What you need to do —
Only the lines from the start of the entries through the line with "Do their faces" should be returned, each exactly as it stands, and no pictures.

Data listing —
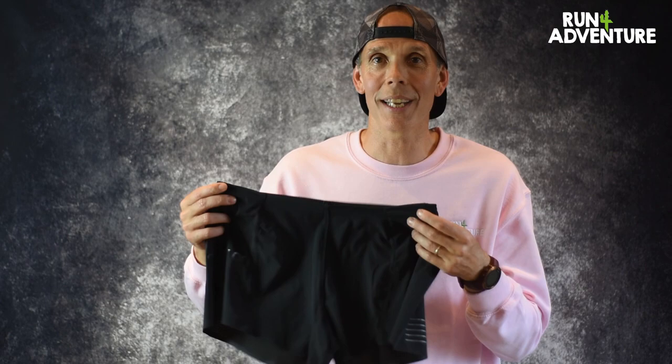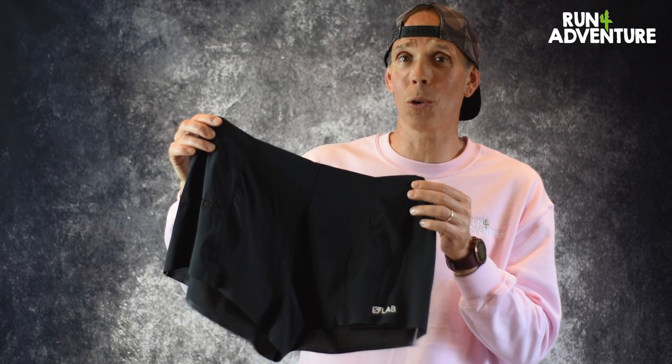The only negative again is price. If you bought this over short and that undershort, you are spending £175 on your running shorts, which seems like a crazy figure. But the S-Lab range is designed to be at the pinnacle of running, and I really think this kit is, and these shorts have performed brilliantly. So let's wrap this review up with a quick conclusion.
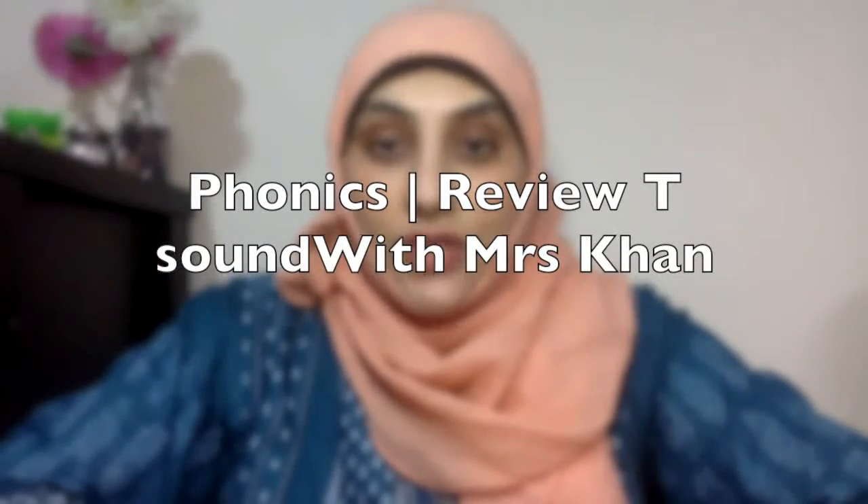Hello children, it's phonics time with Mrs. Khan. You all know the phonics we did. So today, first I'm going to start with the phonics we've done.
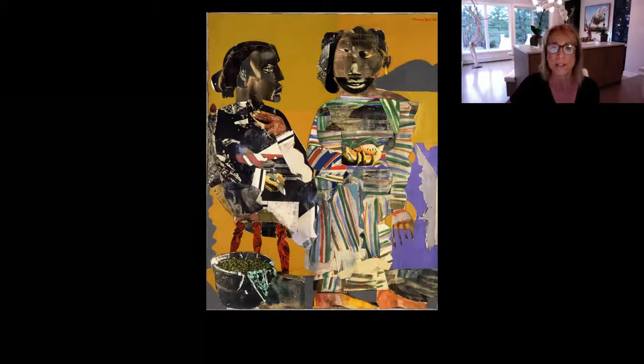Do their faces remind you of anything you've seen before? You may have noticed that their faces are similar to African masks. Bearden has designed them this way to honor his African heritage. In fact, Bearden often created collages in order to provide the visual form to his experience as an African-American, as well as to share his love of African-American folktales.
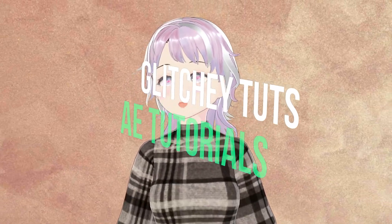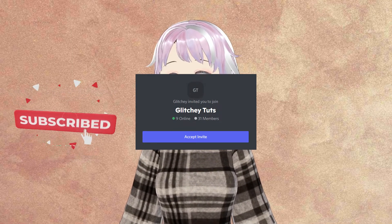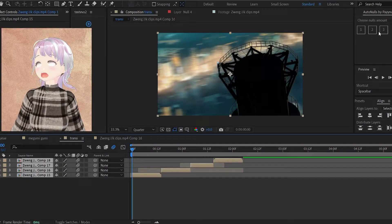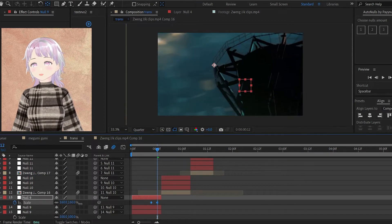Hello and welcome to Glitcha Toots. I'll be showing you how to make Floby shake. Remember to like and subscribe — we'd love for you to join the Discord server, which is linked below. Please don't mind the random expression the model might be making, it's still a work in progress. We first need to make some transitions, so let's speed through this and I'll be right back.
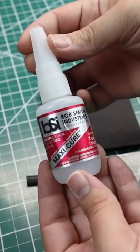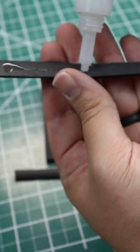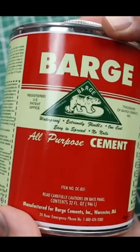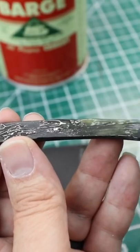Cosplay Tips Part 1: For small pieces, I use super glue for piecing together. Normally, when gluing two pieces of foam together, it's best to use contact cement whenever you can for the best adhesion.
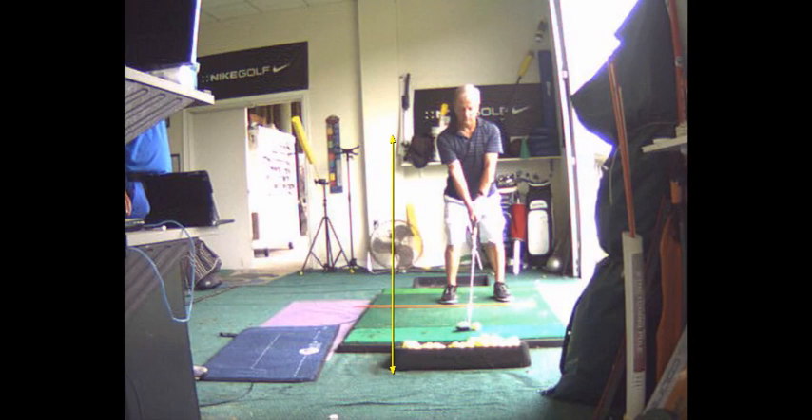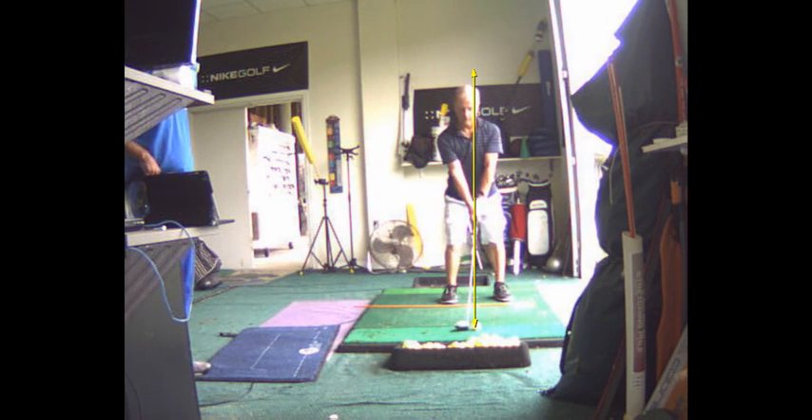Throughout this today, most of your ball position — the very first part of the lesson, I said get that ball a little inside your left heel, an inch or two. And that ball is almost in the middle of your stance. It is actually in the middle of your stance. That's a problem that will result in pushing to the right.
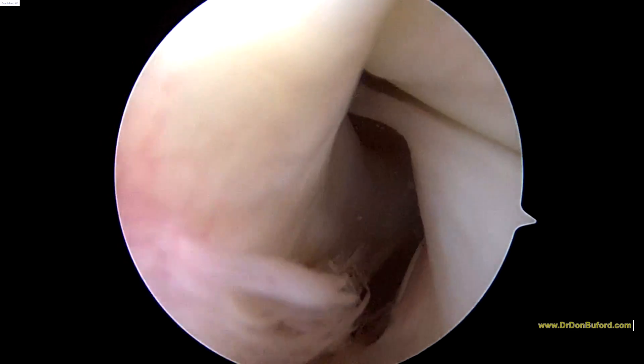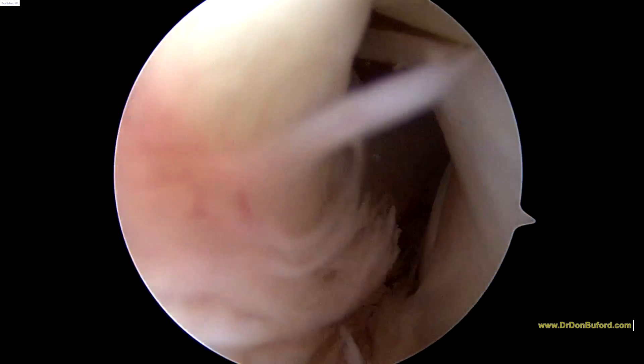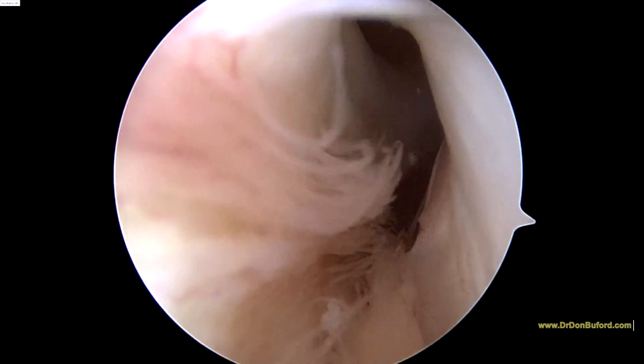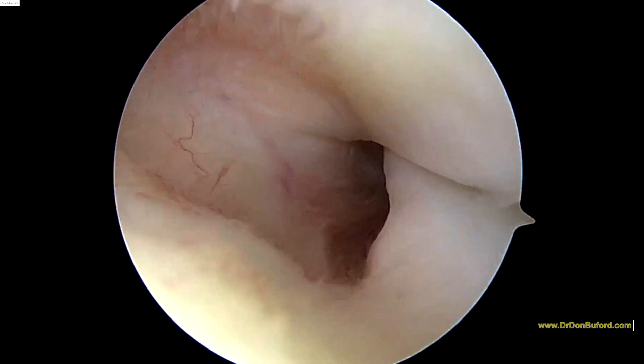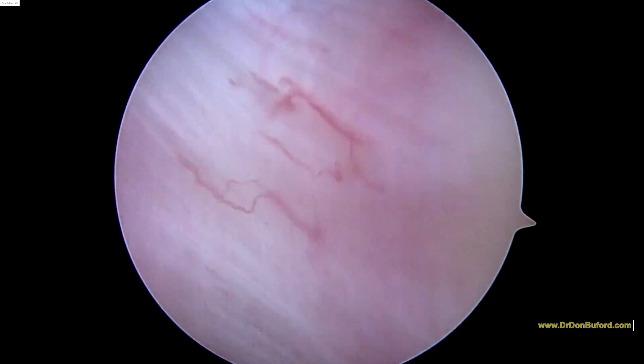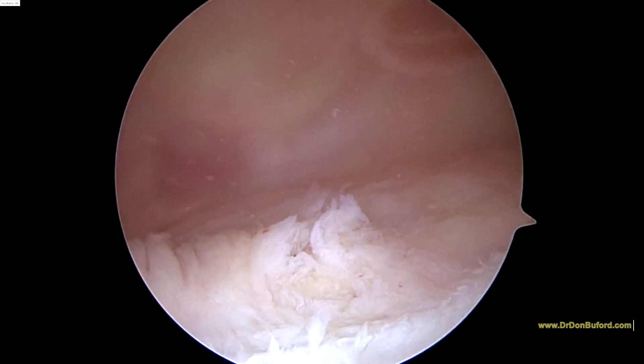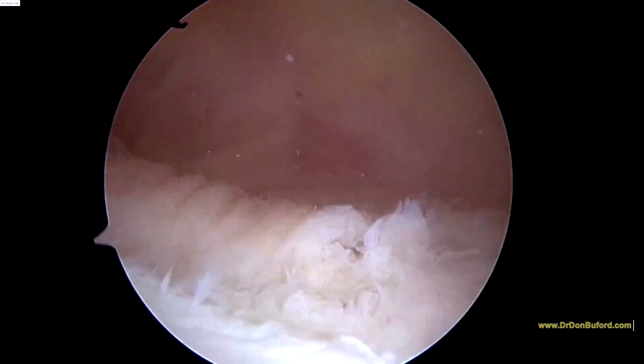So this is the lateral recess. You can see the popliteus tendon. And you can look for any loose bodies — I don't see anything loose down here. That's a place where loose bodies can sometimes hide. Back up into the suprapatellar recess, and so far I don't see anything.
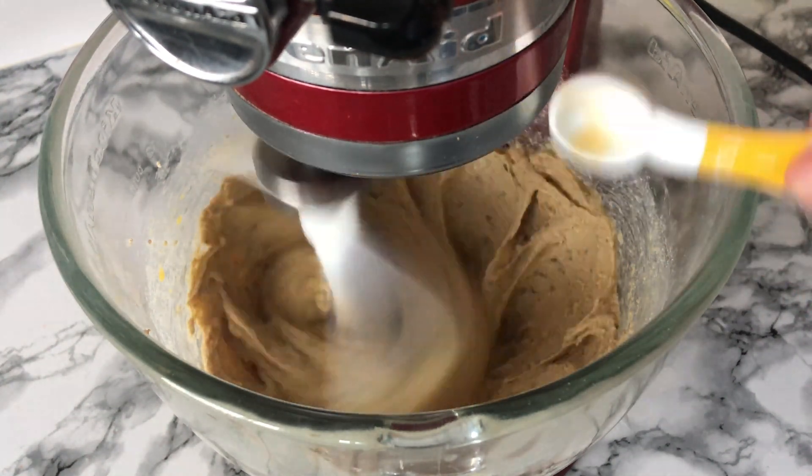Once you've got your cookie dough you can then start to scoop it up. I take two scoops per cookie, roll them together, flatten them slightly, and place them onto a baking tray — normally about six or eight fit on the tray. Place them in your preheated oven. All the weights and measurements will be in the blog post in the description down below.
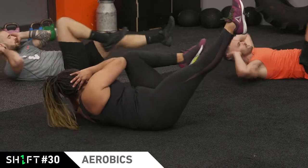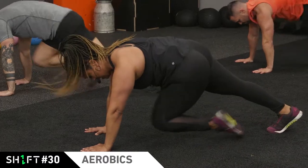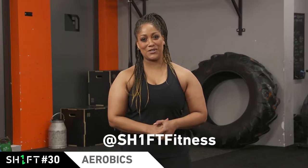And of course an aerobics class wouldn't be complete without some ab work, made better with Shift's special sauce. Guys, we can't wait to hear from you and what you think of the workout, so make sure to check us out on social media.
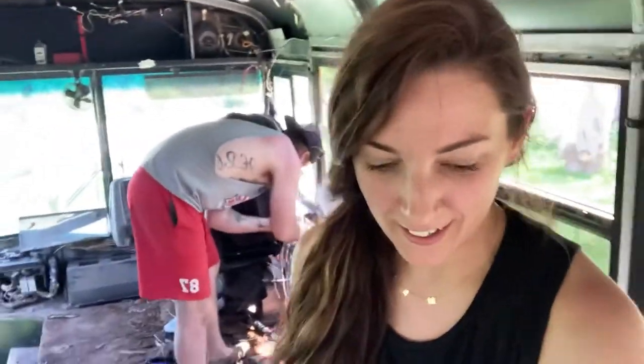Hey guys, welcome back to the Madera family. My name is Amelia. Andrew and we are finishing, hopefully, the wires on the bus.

Reply to the exercise —
The only negative again is price. If you bought this over short and that undershort, you are spending £175 on your running shorts, which seems like a crazy figure. But the S-Lab range is designed to be at the pinnacle of running, and I really think this kit is, and these shorts have performed brilliantly. So let's wrap this review up with a quick conclusion.
Hello children, it's phonics time with Mrs. Khan. You all know the phonics we did. So today, first I'm going to start with the phonics we've done.
Do their faces remind you of anything you've seen before? You may have noticed that their faces are similar to African masks. Bearden has designed them this way to honor his African heritage. In fact, Bearden often created collages in order to provide the visual form to his experience as an African-American, as well as to share his love of African-American folktales.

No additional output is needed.